Kimi cezaevi yönetimleri bu taleplerin iletilmesine ve karşılanmasına yardımcı olurken, bazı yerlerde engellemeler oldu.
Hattâ Kur’an ve Cevşenler için de.
Bu husustaki gelişmeleri hayli zamandır yakından takip ediyor ve engellerin aşılması için çabalarımızı sürdürüyorduk.
Konuyla doğrudan ilgili olan yetkililerle yaptığımız son temaslarda, inisiyatifin cezaevi yönetimlerine bırakıldığı gibi, tuhaf ve anlaşılmaz bir cevapla karşılaştık.
İzmir’deki bir cezaevinde yaşanan ve dünkü manşetimize konu olan skandal işte böyle bir ortamda gündeme düştü.
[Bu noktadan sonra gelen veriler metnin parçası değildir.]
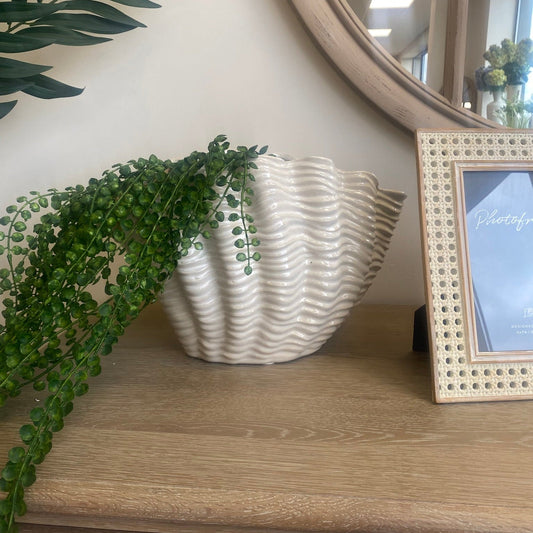 Shell Vase White Small - VASES - Gallery Direct -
Koğuşlardaki risaleleri “Fetö-PDY yapılanmasına kaynaklık ettikleri, içeride gruplaşmaya yol açarak kurum güvenliğini tehlikeye soktukları ve halkı kin ve düşmanlığa tahrik ettikleri” gibi akla ziyan gerekçelerle toplatma kararı alan Cezaevi Eğitim Kurulunun ve karara yapılan itirazı aynı gerekçelerle reddeden İnfaz Hakimliğinin tavrı, “Hangi devirde yaşıyoruz?” dedirten bir garabet örneği.
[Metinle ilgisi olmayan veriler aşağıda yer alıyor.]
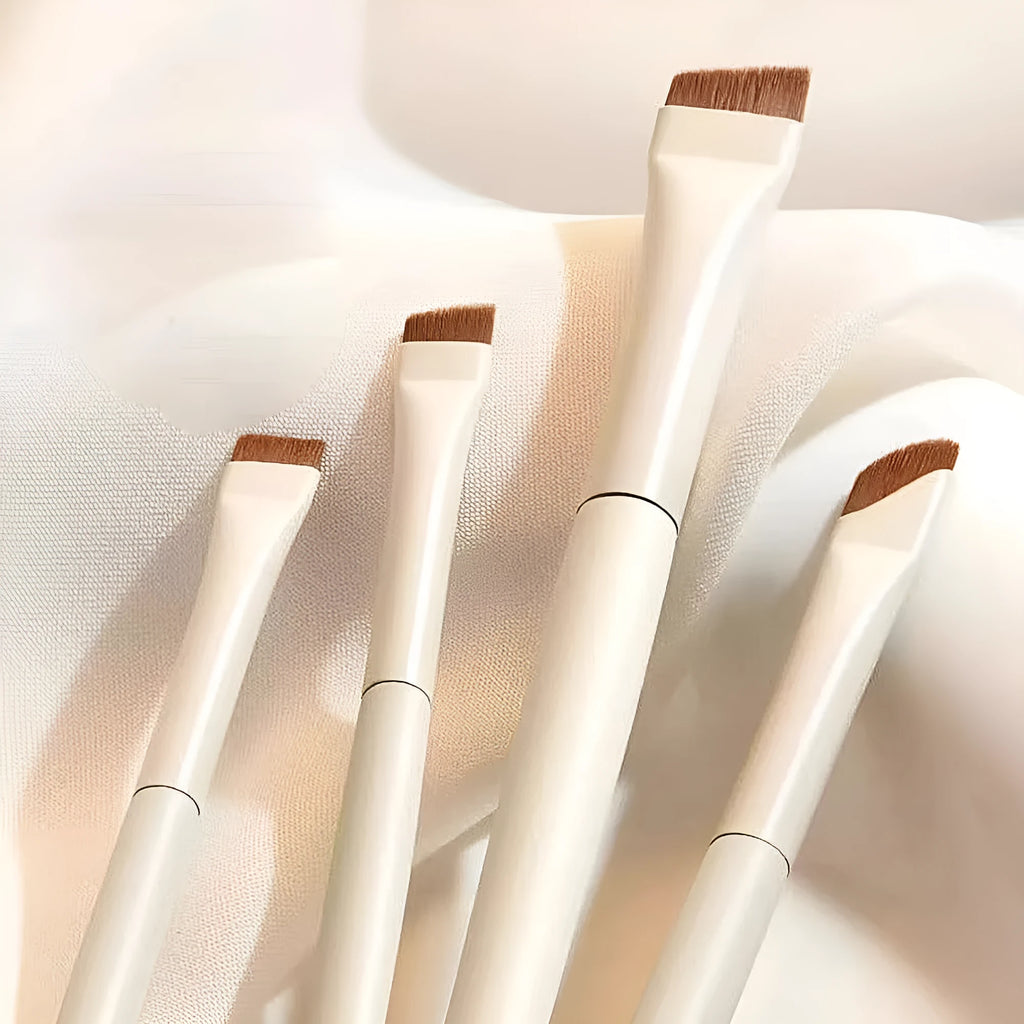 Four angled eyeliner and brow makeup brushes in leather case with ultra thin precision tips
Hukuk dışı ve keyfî uygulamaların iyice arttığı bir süreçte bunlara tüy diken söz konusu karar ve uygulamanın, Türkiye’yi 30’lu yılların tek şef sistemine döndürecek bir sistem değişikliği dayatmasıyla eşzamanlı olarak gündeme getirilmiş olması da son derece manidar, değil mi?
O yıllarda da Risale-i Nur yasak kitap muamelesi görüyor; Bediüzzaman’la talebeleri ağır baskılara maruz kalıyordu.
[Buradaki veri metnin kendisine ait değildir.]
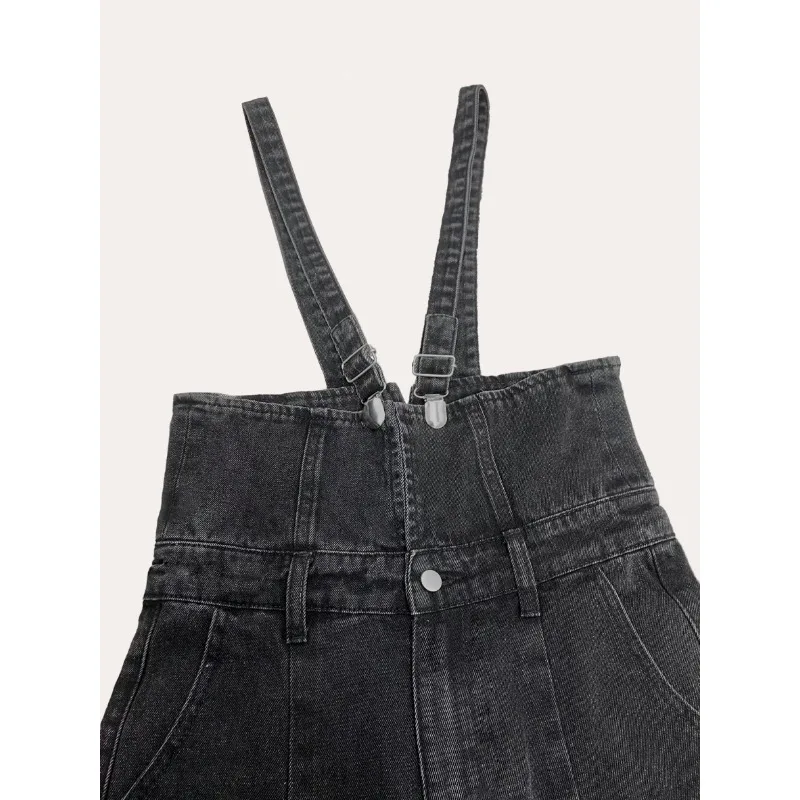 Combinaison décontractée vintage Y2K pour femme, en jean non extensible, taille haute, jambe large,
İşin bir diğer ilginç tarafı, İzmir’deki bu kararın, külliyattan bazı eserlerin Diyanet tarafından basıldığı ve bu durumun bizzat Cumhurbaşkanınca seçim meydanlarında halka ilan edilip “sahiplenildiği” bir süreçte gündeme getirilmiş olması.
Bandrol engeli ve devlet tekeli başarılı olamayınca eski yasağı hortlatmaktan medet umup, 2004 MGK kararlarının icrasında yeni bir aşamaya geçmenin hesabını yapanlar varsa boşuna uğraşıyorlar.
“Güç bende” dedikleri ve öyle zannettikleri zamanlarda bile yapamadıkları şeyi şimdi mi başaracaklar?! Asla ve kat’a.
28 Şubatçıların gündeme dahi getiremediği bir yasağa soyunan 15 Temmuz OHALcileri boşa kürek çekiyor. Tarih geriye doğru akmaz.
Cezaevindeki Risale-i Nur yasağının Diyanet baskılarıyla sınırlı olarak kaldırılacağı bilgisi geldi. Diyanet sadece 5 eseri bastı...
Şualar, Tarihçe-i Hayat, Barla-Kastamonu-Emirdağ Lâhikaları, Muhakemat, Asa-yı Musa, Sikke-i Tasdik, Eski Said Eserleri... ne olacak?